Is it working: In part, yes, but not primarily due to the plan. A steep drop in natural gas prices has greatly lowered heating bills of customers who depend on the fuel. The decline has also helped reduce electric bills for ratepayers because a good portion of the electricity in the state is generated by natural-gas-fired plants. The Christie administration also has stressed the importance of developing Marcellus Shale deposits in Pennsylvania and New York, which have led to lower prices for natural gas.
What about renewable energy: The plan also laid out a strategy for changes in the once-thriving solar industry sector in New Jersey, which fell on hard times because of overbuilding. That caused a big decline in solar development because it led to drop in how much developers could earn for electricity generated by their systems. Environmentalists also were unhappy that the plan retained a statutory goal of having 22.5 percent of the state’s electricity come from renewable energy --instead of the 30 percent target set by the former Corzine administration.
What is not happening: Another goal of the plan is to develop 1,100 megawatts of offshore wind capacity along the Jersey coast by 2020, a target that is unlikely to be met because no offshore wind farms have yet to been approved by the state. Perhaps, just as importantly, offshore developers -- more than a dozen were interested in building the projects -- have yet to see the state adopt a financing mechanism to make their projects economically viable.How the state is doing on its other goals: Not very well. The plan calls for the development of 1,500 megawatts (one megawatt provides power to more than 800 homes) from combined heat and power (CHP) plants. The technology uses a more efficient system of producing electricity while at the same time producing heat that can be used to lower heating and cooling costs.
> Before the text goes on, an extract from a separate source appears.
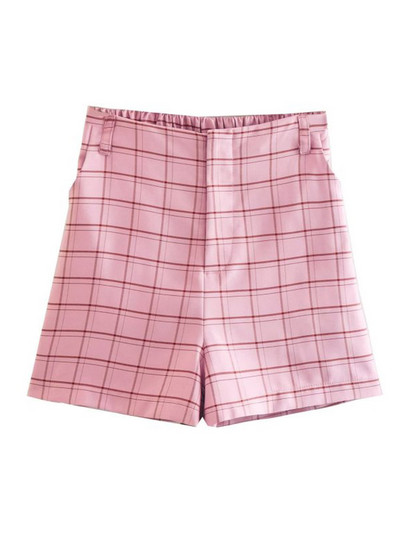 Kumsvag 2022 Καλοκαίρι Γυναικεία καρό σορτς Κοστούμια 2 τεμαχίων Casual Loose Blazers Παλτό και σορτς Γυναικεία Κομψά ρούχα του δρόμου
The state has set aside $200 million in federal funds to help finance these projects to promote resiliency of critical facilities, but has yet to award any money.
Is energy efficiency a part of the plan: Yes, but it scales back a bit from the goals of the previous plan to achieve a 20 percent cut in energy use by 2020. To some, the state’s efforts to achieve that target are undermined by repeated cuts in the Clean Energy Fund that helps support those programs. More than $1 billion has been diverted from the program to plug holes in the state budget.
What lies ahead: Uncertainty. The plan’s goals, as well as questions about retirement of the Oyster Creek power plant and other units, raises concerns about how strained the state’s power system will be in providing electricity to homes and businesses in the future. Also, there is a bill pending in the Legislature that would dramatically increase how much electricity should be produced from renewable energy sources, a goal many believe would increase energy costs for consumers.